Stored items:

□ □ □ □ □

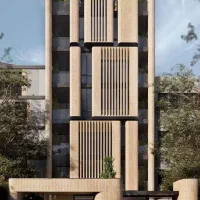 کارورزی و استخدام معماری و عمران (حتی مبتدی)|استخدام معماری، عمران و ساختمانی|تهران, سید خندان (جلفا)|دیوار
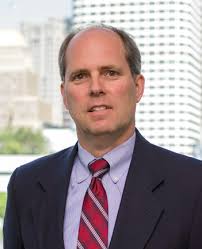 NAI Hunneman Brokers 11,061 SF lease in Chelmsford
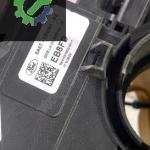 8A6T13N064AE 8A6T14A666AB FORD FİESTA SİNYAL SİLECEK KOLU 09 15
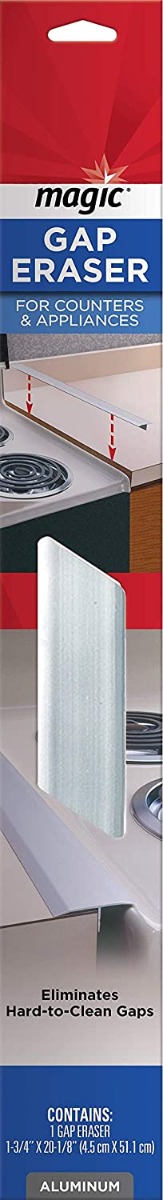 MAGIC: Gap Eraser, 1 pc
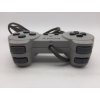 Sony Playstation One konzole, model SCPH-102 (PS1)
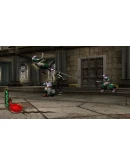 Legacy of Kain: Defiance (Steam)(RU/ CIS)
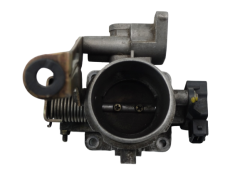 Повітряна заслінка Renault 7700861679 7700872188 1,6 8V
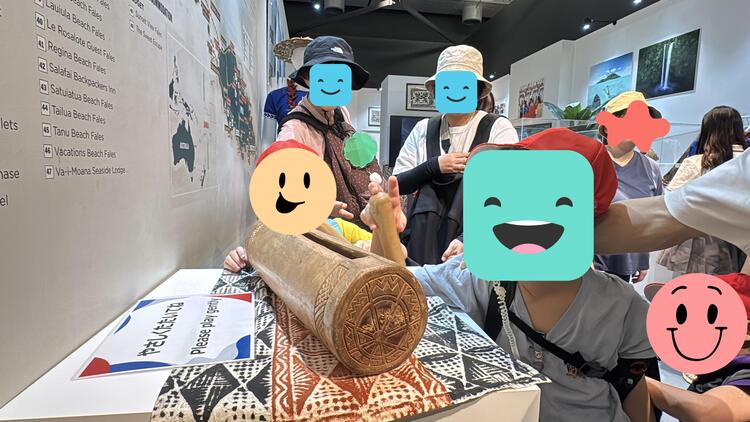 ②1年コモンズ.jpg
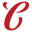 Campbell Soup Company logo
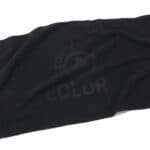 I.C.O.N. Rankšluostis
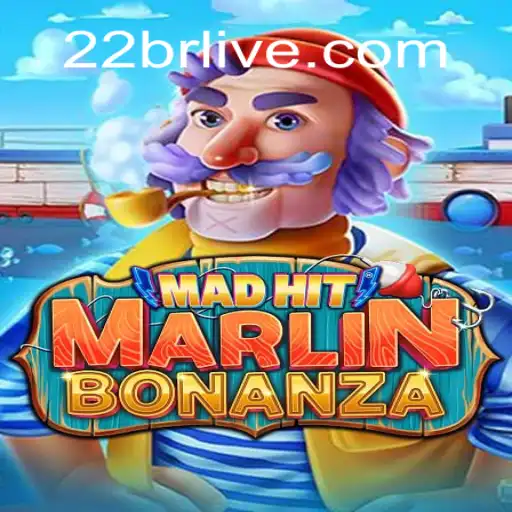 Experience the Thrill with MadHitMarlinBonanza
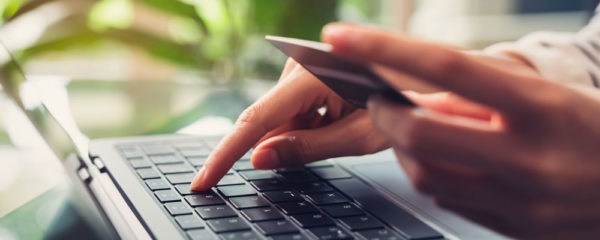 Conseils paiement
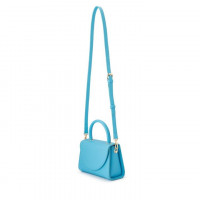 SASHA Top Handle Bag product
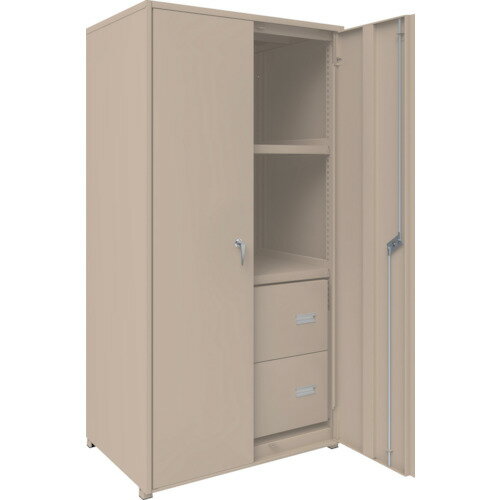 TRUSCOM2êêġ¦ġաW860XD600HMФ2 :M2-6364-HM62-SGDˡ...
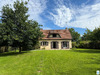 Ma-Cabane - Vente Maison SAINT-PAER, 146 m²
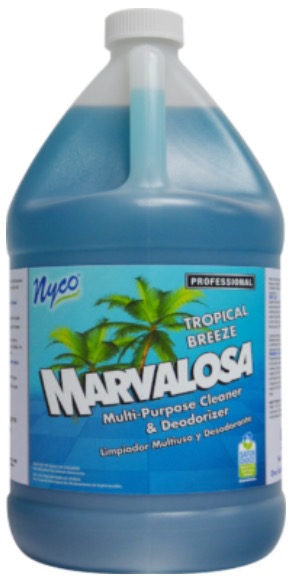 1657121925_14027022SDSNycoMarvalosaMultiPurposeCleanerDeodorizerTropicalBreezeNL276.jpg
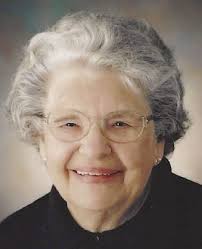 Carlene Shade Obituary (1927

□ □ □ □ □

# TASK DETAILS
Each record above is to be copied exactly. Drop the pictures.

# SOLUTION FOR THIS PROBLEM
 کارورزی و استخدام معماری و عمران (حتی مبتدی)|استخدام معماری، عمران و ساختمانی|تهران, سید خندان (جلفا)|دیوار
 NAI Hunneman Brokers 11,061 SF lease in Chelmsford
 8A6T13N064AE 8A6T14A666AB FORD FİESTA SİNYAL SİLECEK KOLU 09 15
 MAGIC: Gap Eraser, 1 pc
 Sony Playstation One konzole, model SCPH-102 (PS1)
 Legacy of Kain: Defiance (Steam)(RU/ CIS)
 Повітряна заслінка Renault 7700861679 7700872188 1,6 8V
 ②1年コモンズ.jpg
 Campbell Soup Company logo
 I.C.O.N. Rankšluostis
 Experience the Thrill with MadHitMarlinBonanza
 Conseils paiement
 SASHA Top Handle Bag product
 TRUSCOM2êêġ¦ġաW860XD600HMФ2 :M2-6364-HM62-SGDˡ...
 Ma-Cabane - Vente Maison SAINT-PAER, 146 m²
 1657121925_14027022SDSNycoMarvalosaMultiPurposeCleanerDeodorizerTropicalBreezeNL276.jpg
 Carlene Shade Obituary (1927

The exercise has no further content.